They say that time’s a healer. The cliche that had me dreaming of squeezing a bunch of lemons over the paper cut of that “philosophers” hand. Does that make me a horrible person? I’m sure you’ve had that thought at some point too, haven’t you?
To me, time’s not so much a healer as opposed to a common misconception. Don’t get me wrong, I’m not saying that time is a useless thing, especially when we’re talking break-ups – but it’s not what made me come to terms with mine. Travelling did. Not only did it heal me, but it changed me.
I’d hope I’m not the only one who mistakenly thought eating ice cream whilst watching Bridget Jones in your pyjamas was a fantastic idea. The resemblance was uncanny – I think I even made fun of myself and snapped a picture of me next to dear Bridget. Hindsight is a beautiful thing, isn’t it?!
Next came stage two – denial. This will more than likely end with you having one of those embarrassing moments where all hope is crushed as you sit sobbing into your enchilada across the table from him, until a waiter pops a box of tissues down next to you.
You’ll realise that maybe you don’t need him; that wanting and needing are two different things. We were meant to be going to Indonesia together, and we went – even sitting awkwardly next to one another on one of the plane legs until he got bumped up to business. Oh how the world can be cruel at times! We parted ways after baggage claim and then I was left to my own devices.
Up until now, he was the ambitious one, full of dreams with the adventurous soul. Not me. I had debated not going to Indonesia for a short while, but I didn’t want him to take anything else from me, I’m not even sure there was anything left to take – I was a shell of myself. Two hours later, my friend and I were sat drinking happy hour cocktails at our hotel and self-reflection hit. Having my heart stomped on for the last time had me telling myself that I didn’t need him to encourage me to dream big, try new things or to be my strength. I didn’t have to be a girl with no ambition, no drive and no self-confidence – I could do more than just exist. I think it’s safe to definitely blame happy hour for my newly adopted bout of confidence, but I decided to roll with it.
I found myself agreeing to things and doing things I’d usually have to be tricked into.
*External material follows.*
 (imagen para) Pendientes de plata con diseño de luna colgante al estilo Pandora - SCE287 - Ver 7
As a girl who’s scared of the sea, sleeping on a boat for 4 days was an unsettling thought. I wasn’t a strong swimmer – I’d rather sit on a beach where I can swim as far as I could stand up. Besides, sharks. SHARKS! You can probably tell I’m a bit of a wimp but in my defence, neither youtube, films nor National Geographic have done anything to help ease the fear.
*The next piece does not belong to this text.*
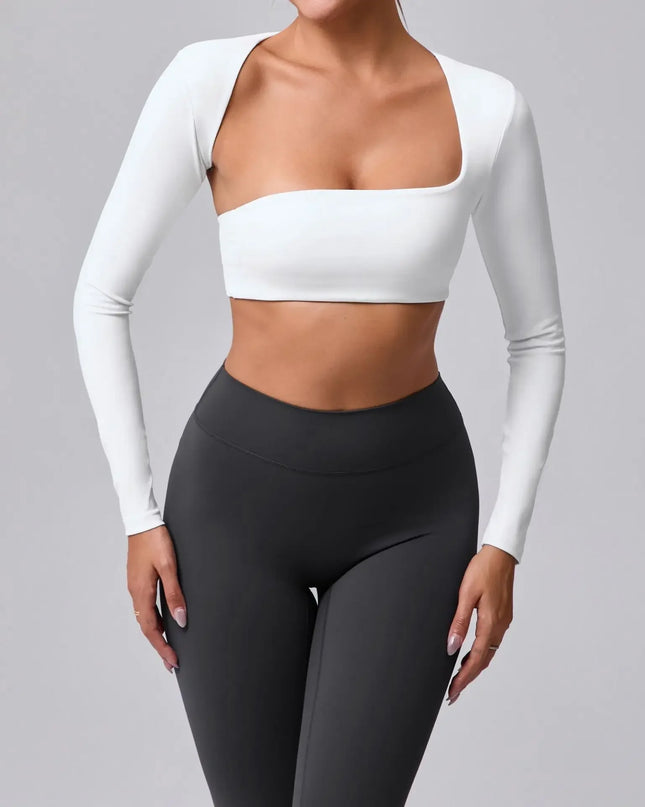Women's Cut-Out Sport Top, Cropped, Asymmetric Square Neck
I hiked Komodo Island, snorkelled on beautiful beaches, slept on boats and started thinking of my next adventure. For most this isn’t a big thing, but I’m a girl who likes her material things, make-up, hair straighteners and toilets that flush to name a few! A girl whose only ambition was to make someone else happy. Despite my love for comfort, I found myself steering away from my comfort zone out of personal want – and it excited me! In that moment I fell in love with exploring and the idea of challenging myself. I didn’t need him anymore. I didn’t even want him. I wanted adventure. I wanted to travel. And there we have it, stage four – the stronger, ambitious and Independent stage.
A year ago, I’d never have thought that in four months from now, I’d be climbing Kilimanjaro – camping and hiking in the cold. I hate the cold and the closest thing I’ve ever got to climbing a mountain is hiking up the hills of Flores in Indonesia. But the challenge is enticing. While we’re on the topic of challenges I should probably mention my next – the mammoth undertaking of the Appalachian Trail, money dependent. I’ll need to save so I can afford to take 6-7 months off while I attempt to hike from Georgia to Maine. It will happen though, even if it’s years down the line.
So there we have it, the point to me blabbering on about my heartache – travel helped me come to terms with my break-up. If I hadn’t gone to Indonesia, I’d probably still be a complete mess wallowing in my own self-pity whilst refusing to move forward while everyone and everything in the world moved on.